Deux terroirs fétiches
Julien Labet - Rotalier, 2012
—Julien Labet tenant un morceau de Bajocien extrait de Varrons
Six ans après, en 1992, Alain Labet lance « Fleur de chardonnay » et commence à préciser l’ouillage. Mais c’est en 1997, avec l’arrivée de Julien sur le domaine, que la technique se peaufine. Julien, qui a fait ses stages en Bourgogne, veut des pièces de 228 litres : exit les foudres, voilà des tonneaux dont il sera maintenant facile de refaire les niveaux. Les vins vont gagner en fraîcheur et en précision (une fois passée l’époque du fût neuf qui boise les vins !), mettant ainsi en valeur Chalasses et Varrons, deux parcelles emblématiques du secteur.
•Chalasse : sol de marnes du lias. Argileux. A la dégustation, les chardonnay sont ronds, opulents, un peu monolithiques dans ce côté massif. Ces terroirs réussissent mieux au savagnin, naturellement acide et incisif, qui trouve ici une opulence supplémentaire. La Fleur de savagnin 2010 Chalasse de Julien Labet est à cet égard une brillante démonstration de ce que le savagnin arrive à produire ici : un nez explosif de bergamote, d’épices, pêchu, dynamique, une bouche exubérante, fruitée, une finale dense et nette. Quel charme ! (13€ départ cave)
•Varrons : du calcaire, des sols peu profonds, des vins rigoureux, minéraux. Précision : le domaine possède deux types de calcaire :
1.du Bajocien, un calcaire rouge tendre, qu’on raye au doigt, et qui se délite au fil des temps géologiques (des centaines de milliers d’années) en un sol rouge, argileux et siliceux, abrasif. C’est un terroir typique de Varrons.
2.Mais aussi du Bathonien, une roche blanche, dure, qui forme les crêtes hérissées des falaises du secteur.
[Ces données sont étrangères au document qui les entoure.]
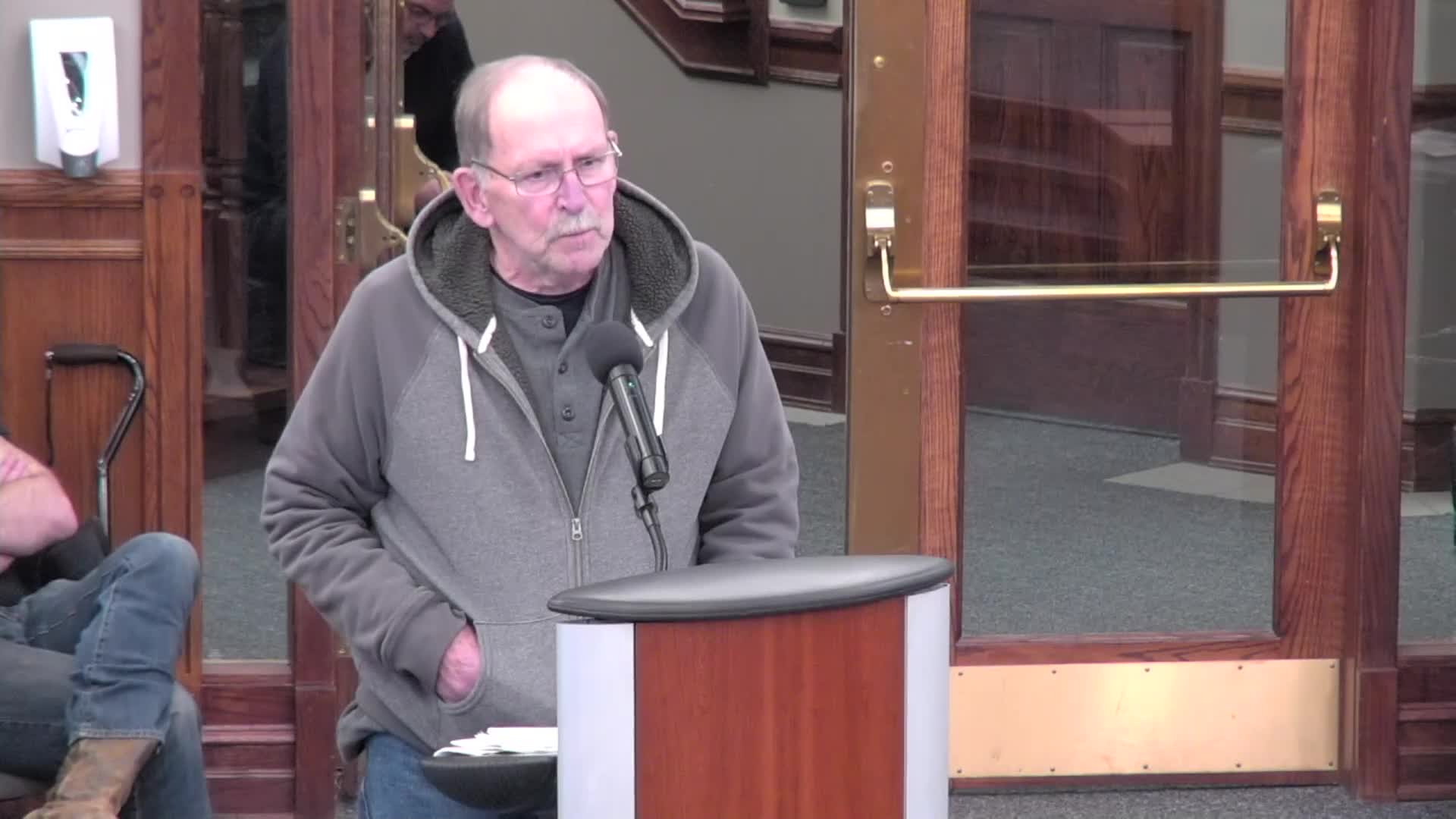 Loveland councilman disputes restraining order claims during heated public meeting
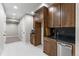 Basement kitchenette with modern cabinetry, sleek countertops, and stainless steel dishwasher at 741 Green Mountain Dr, Erie, CO 80516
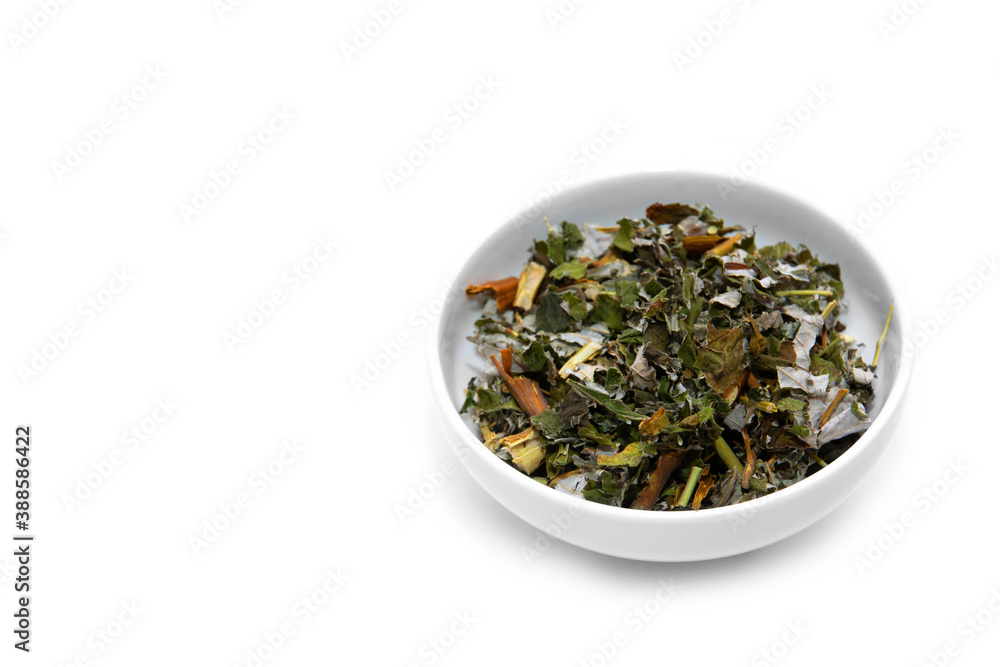 Leafy natural green tea on a white background Leafy natural green tea on a white background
Dans de rares endroits, à l’occasion d’une faille, ce Bathonien s’est retrouvé au niveau des vignes, à 300m d’altitude : c’est le terroir d’une partie de Varrons, ou de la Bardette.
Les Labet testent aussi les vins sans soufre
L’autre recherche de Julien et Charline, c’est le sans soufre. « On aime les vins qui ont de la définition, de l’esthétisme », explique Julien. « Sur le sulfitage, on est très méfiants. 2009 a été pour nous un tournant puisqu’on a arrêté le sulfitage systématique à la réception des raisins. Avant, on n’osait pas franchir le pas. On a vu cependant que, contrairement à nos craintes, des moûts sortis de pressoir bruns se rafraîchissaient pendant l’élevage. Mais on se méfie quand même. A la mise en bouteilles, c’est délicat. Le vin sans soufre est magnifique dans sa jeunesse, mais vieillira-t-il bien ? »
Julien est en train de peser le pour et le contre. Sa dernière théorie, partagée par sa soeur, c’est de dire : « soit on met zéro soufre, soit on met la dose. Mais en mettre un tout petit peu, ça ne sert qu’à détruire les défenses naturelles que possède le vin contre l’oxydation, sans lui donner la possibilité de la combattre chimiquement. » Précisons que les Labet sont les spécialistes du vin blanc, et que le rouge représente au plus deux hectares sur 12 : le problème est donc de savoir si on laisse un vin naturellement plus fragile qu’un rouge se défendre seul, durant la dizaine d’années que peut durer un vieillissement en bouteilles…
Goûtés une semaine après leur mise en bouteilles, les 2010 de Julien Labet, « nature » (zéro soufre en vinif + MEB) éclatent de fruit et de fraîcheur. Générosité, expressivité, le sans soufre est accessible en primeur. La version sulfitée est plus brouillonne, plus dissociée. Le fruit s’installe par petites touches, citron, réglisse sur la Fleur de chardonnay du domaine Labet : tout reste à mettre en place, à unifier.